APRIL 2015. It is school holiday in Namibia and Rosa Namises takes the children of Dolam Children’s Home to the small farm of her sister near Okahandja, so that they can experience nature and farm life far from their crowded lives in Katutura.
But not all children spend their holidays at the farm. Three siblings, for example, who have lived with Namises for some years now, are going to visit their parents. They are extremely poor and homeless and live together with their other children south of Windhoek under a tree, sleeping on an oxcart.
When the children from Katutura come to visit, they have to sleep there too. Namises is convinced that even if the family is living in extreme poverty the children need to see their parents.
More than 20 children and youth live in the Dolam Children’s Home. Most of them are orphans and children from broken family backgrounds and from families who are too poor to take care of the children.
Namises, founder and manager of Dolam Children’s Home (and also a well-known Namibian human rights activist and former parliamentarian) has cared for orphans and vulnerable children for the past 20 years.

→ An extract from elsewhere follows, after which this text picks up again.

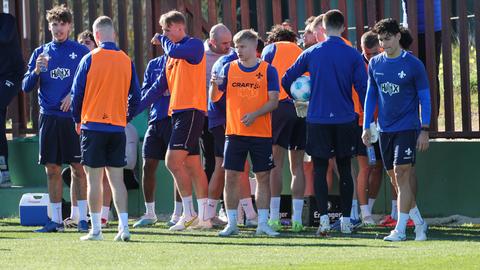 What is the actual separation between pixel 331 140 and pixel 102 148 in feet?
7.50

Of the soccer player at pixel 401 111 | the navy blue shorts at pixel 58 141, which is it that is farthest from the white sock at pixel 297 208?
the navy blue shorts at pixel 58 141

The current Dolam Children’s Home – a small house near Sam Nujoma Stadium in Katutura – is Namises’ private property. The house is old and has become too small for the eight to 18-year-old children and youth who have to share the tiny dormitory.
A German trust called Pallium drives the financing for the first building on the land that Namises received for her welfare trust from the City of Windhoek to build a new Dolam Children’s Home. The building project started in 2015 with the palisade fencing of the plot that is located in Tempelstraat in Katutura.
Once the house is finished the children will move to the new location.
Furthermore, the new Dolam Children’s Home shall provide space for more orphans and vulnerable children, and also for abandoned, orphaned, HIV-positive and sick babies.
At present Pallium is looking for Namibian donors/cooperation partners who can help with the building project.
Michaela Fink, a board member of Pallium, has worked multiple times in Dolam Childrens Home.
“I got to know Rosa as a woman who fights tirelessly for her country. She is full of compassion for the weakest members of society,” she said.
Overall, the work of Dolam Children’s Home and Trust is very reliable and professional, says Fink. The trust has been giving its reports and financial accounting to an external auditor since 2009. Pallium helps people in Africa, who – particularly based on health issues – get into financial and social troubles.
Beside Dolam Children’s Home, it also supports other projects in Namibia, like Havana Soup Kitchen in Katutura, where 40 children get two meals every day. The soup kitchen is also running a community programme to support families in the very poor homes of Havana with food and other daily needs.